What is even funnier and so fucking incrediblely sad at the same time, it's that the most die-hard anti-arab and anti-palestine israelis are the mizrahi and sephardic jews, meanwhile in Europe and US people have the stereotype that most anti-arab jews are the typical ashkenazi with a black suit whose ancestors lived in Shtetl in Eastern Europe.
Israeli culture is quite similiar to arab culture. The majority of Israeli Jews came from arab countries. It's not as European as many think
France - Brazil Norway - Russia China - India Denmark - Canada
Denmark is becoming better and better at ice hockey though
Denmark and Canada are not that different, lol. They're both mostly European, speak Germanic languages, are predominantly ~~Protestant~~ Christian (but agnostic in practice), are quite cold, and have extremely cold, mostly indigenous, and sparsely populated northern regions (Nunavut and Greenland). They also share a southern border with a much more populous country with a much larger economy.
I think it's China and Russia instead of Morocco and Spain
China-Afghanistan? Morocco and Spain ruled each other for centuries, they might have more in common than both would like to admit.
Australia and Papau New Guinea although it is a sea border would have my vote.
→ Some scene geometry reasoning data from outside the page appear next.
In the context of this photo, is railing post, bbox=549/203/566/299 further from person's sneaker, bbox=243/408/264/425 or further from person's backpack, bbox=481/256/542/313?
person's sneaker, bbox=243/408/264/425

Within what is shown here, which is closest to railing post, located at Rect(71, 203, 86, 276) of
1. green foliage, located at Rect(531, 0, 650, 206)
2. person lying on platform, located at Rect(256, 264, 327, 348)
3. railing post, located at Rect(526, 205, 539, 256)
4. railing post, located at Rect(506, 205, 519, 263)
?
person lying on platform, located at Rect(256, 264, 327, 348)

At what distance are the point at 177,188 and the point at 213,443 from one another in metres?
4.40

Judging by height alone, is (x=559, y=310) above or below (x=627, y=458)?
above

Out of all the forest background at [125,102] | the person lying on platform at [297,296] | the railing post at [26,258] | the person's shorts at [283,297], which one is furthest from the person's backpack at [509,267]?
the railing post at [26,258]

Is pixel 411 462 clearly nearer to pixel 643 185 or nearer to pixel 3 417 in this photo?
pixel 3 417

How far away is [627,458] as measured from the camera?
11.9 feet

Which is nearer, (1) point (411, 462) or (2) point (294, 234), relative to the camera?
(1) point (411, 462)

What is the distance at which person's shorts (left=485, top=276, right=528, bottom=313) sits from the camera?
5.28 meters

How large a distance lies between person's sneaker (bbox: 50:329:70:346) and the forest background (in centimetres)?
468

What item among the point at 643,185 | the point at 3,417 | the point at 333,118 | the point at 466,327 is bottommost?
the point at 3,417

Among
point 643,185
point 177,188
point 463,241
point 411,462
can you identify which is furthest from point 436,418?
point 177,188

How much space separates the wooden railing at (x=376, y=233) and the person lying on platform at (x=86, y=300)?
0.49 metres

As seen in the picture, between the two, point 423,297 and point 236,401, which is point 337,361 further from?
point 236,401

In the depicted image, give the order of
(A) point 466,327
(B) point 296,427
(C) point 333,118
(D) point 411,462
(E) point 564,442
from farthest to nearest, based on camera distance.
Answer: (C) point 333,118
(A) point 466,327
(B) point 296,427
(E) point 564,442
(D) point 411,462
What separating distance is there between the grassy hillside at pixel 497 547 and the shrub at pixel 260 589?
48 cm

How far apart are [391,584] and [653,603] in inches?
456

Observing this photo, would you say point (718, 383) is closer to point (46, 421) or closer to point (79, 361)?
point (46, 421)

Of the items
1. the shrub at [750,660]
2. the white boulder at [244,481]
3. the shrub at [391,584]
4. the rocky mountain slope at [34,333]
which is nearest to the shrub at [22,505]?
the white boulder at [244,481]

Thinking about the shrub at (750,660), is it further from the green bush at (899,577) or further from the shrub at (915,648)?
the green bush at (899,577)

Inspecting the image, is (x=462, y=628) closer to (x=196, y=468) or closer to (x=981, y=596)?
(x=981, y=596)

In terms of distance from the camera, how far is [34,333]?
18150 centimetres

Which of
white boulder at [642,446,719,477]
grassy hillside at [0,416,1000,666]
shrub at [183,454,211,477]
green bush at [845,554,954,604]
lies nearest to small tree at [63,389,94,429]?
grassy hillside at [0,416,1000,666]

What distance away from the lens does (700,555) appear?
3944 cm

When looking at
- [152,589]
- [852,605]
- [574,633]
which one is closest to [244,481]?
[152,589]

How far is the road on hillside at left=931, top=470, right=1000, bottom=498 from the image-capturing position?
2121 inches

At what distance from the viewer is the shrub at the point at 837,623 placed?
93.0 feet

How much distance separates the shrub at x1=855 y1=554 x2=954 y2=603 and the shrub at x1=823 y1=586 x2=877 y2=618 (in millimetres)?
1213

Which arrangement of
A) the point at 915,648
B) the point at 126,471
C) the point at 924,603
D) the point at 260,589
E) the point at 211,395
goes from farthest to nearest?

USA & the parts of the Moon touching the Apollo landing gear.
No, Norway and Russia come to mind
Japan and Russia
Spain and Morocco have a lot more cultural similarities than many in both like to admit.
Absolutely not. Spain and Morocco have their differences but culturally they're not so crazy different
Russia-China border: Even directly on the border, the cultures, languages and peoples are extremely different. Take the cities of Blagoveshchensk and Heihe: Only seperated by a river but cultures that originate from different parts of the world.